When the efforts are spasmodic... so also are their results. 2
No doubt effortlessness is something we all crave for in our sadhana; perhaps from the intuitive knowledge that in reality we do not have to do anything: we only have to consciously be. But we have forgotten how. So we try out various methods to remind ourselves. It takes intensive effort merely to stay at home and conscientiously sticking to your meditation or yoga practice at specific times, day after day, when your friends are all out enjoying themselves, or inviting you to join them—especially if you feel you are getting nowhere with it all.
In my early days of practice, after a year or two of such self-imposed austerities, I can recall my own sense of glee when I came into contact with the school of thought whose motto was:
Don’t push the river - it flows by itself!

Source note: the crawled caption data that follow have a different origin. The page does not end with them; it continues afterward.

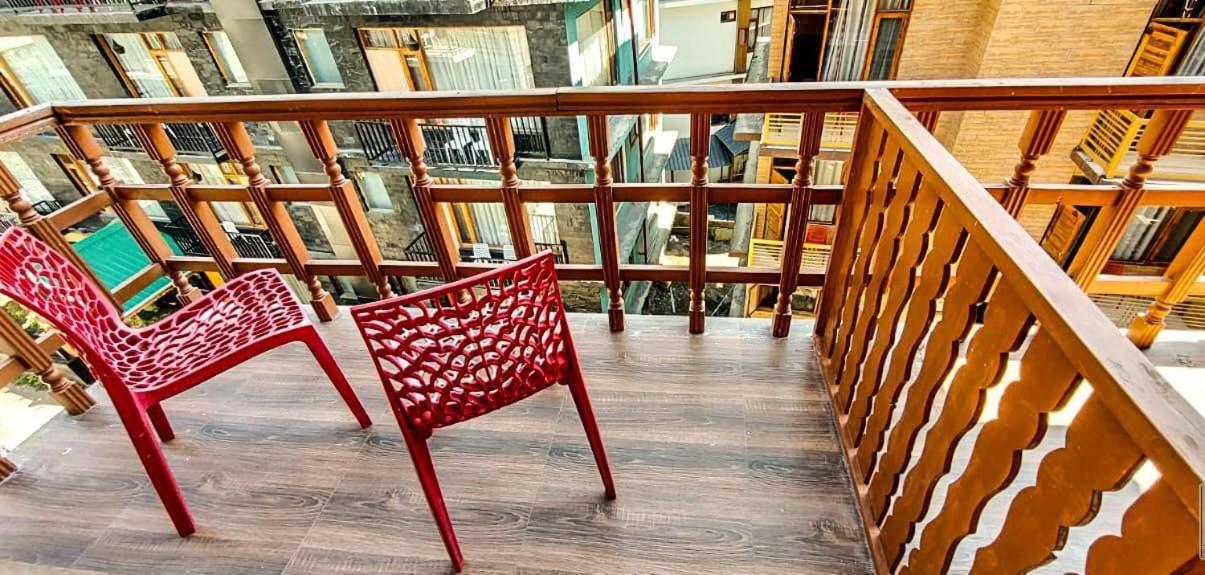 The Red Apple Manali Hotel - Manali (Himachal Pradesh) — Photos 3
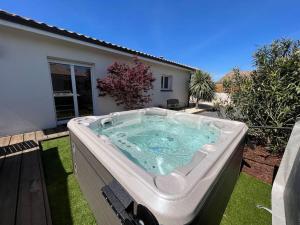 Spa, Climatisation, Piscine chauffée, Pétanque et Calme au Bassin dArcachon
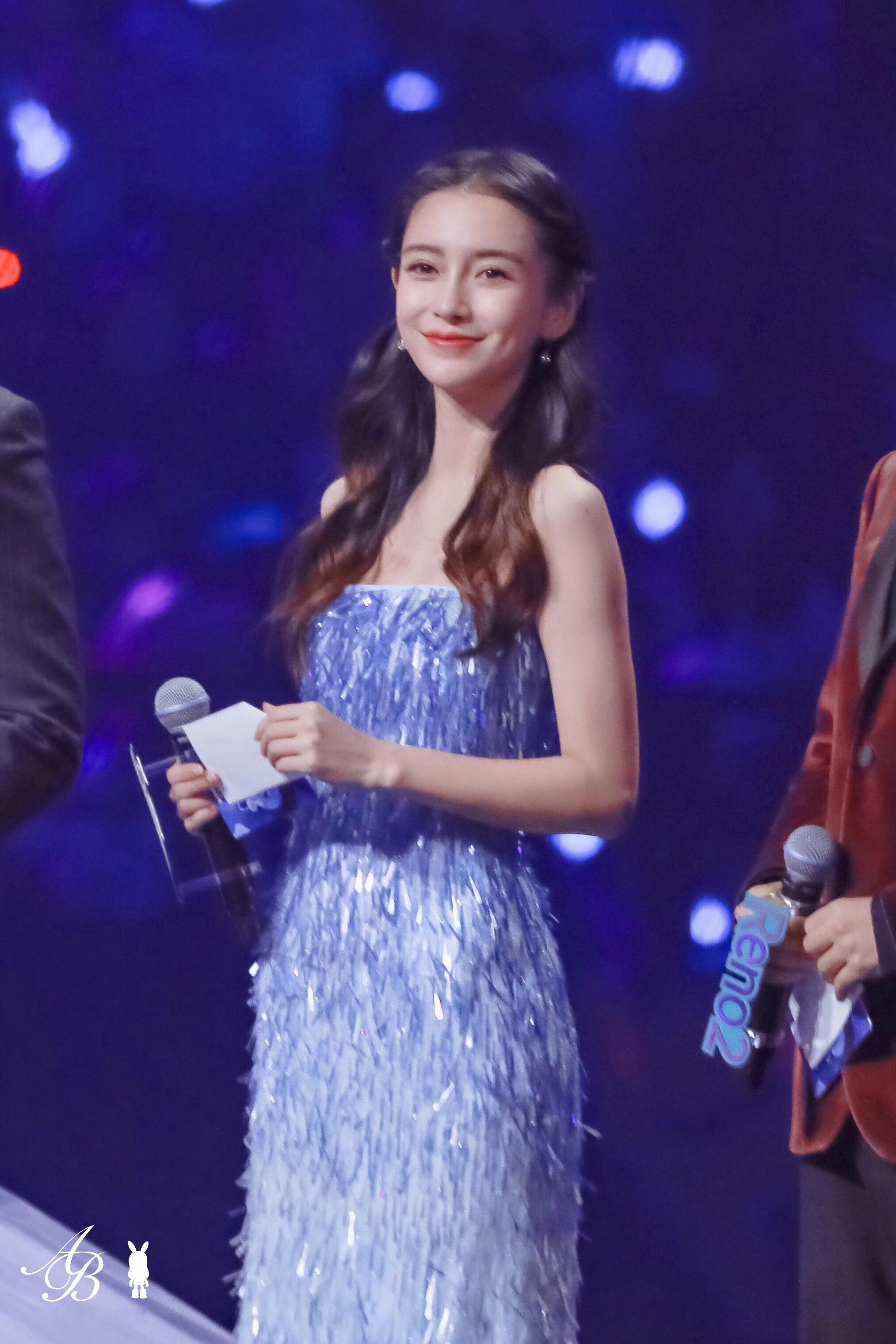 angelababy杨颖两套不一样风格的美裙，你最喜欢哪个造型呢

What an excitement surged in me at the words! It was almost a revelation in itself. It is so obvious! Am I not forcing the issue with all these austerities and practices? Why shouldn’t I just flow with it—like everything else in nature? The river has no need to push itself, it simply flows with its own momentum, seeking its level. If inner harmony and bliss is my true nature, then why am I making all this effort to become what I already am?
Maybe I am ignoring the flow of nature, I reasoned, if someone wants me to see a film with them and I refuse to go? Is that not in effect the natural process of the Guruverse at work in bringing me the invitation? So it was with such justifications that I decided with great relief to give in and abandon my sadhana.

However, I found that ‘just flowing’ was sooner idealised than done. If only one could just let go and relax enough to simply flow with the world, then that would indeed be the perfect way to realise the ‘essential nature’ of oneself. But for most of us, unhappily it does not seem to work that way. Have you ever tried to just flow?
In the first flush of freedom it may be wonderful—but how long can you hold it? One very quickly floats out of the conceptualised dream of ‘flowingness’ and gets sucked into the endless stream of conflicting thoughts instead. Such things as apprehension, worry, fear, love, lust, uptightness, and so on, soon begin clamouring like flotsam on the surface of the mind. We find ourselves getting whirled around in eddies of the social current and caught up in all kinds of unnecessary diversions destructive to one’s peace of mind, without even realising where the change began. Very soon the mind is back to its habitually disorganised and chaotic condition.
It was at such a point I realised that I could carry on with this kind of ‘free-flowing’ until Doomsday and still not be any the better for it. This, I thought, was the state of mind of the average cabbage. But having become disillusioned with both my sadhana and with free-flowing I was totally without direction and succumbed to that dire affliction of spiritual aspirants—the ‘dark night of the soul’. This is a condition in which life becomes utterly meaningless and loses all its savour. Whenever soul sickness came upon me I always turned to nature for solace.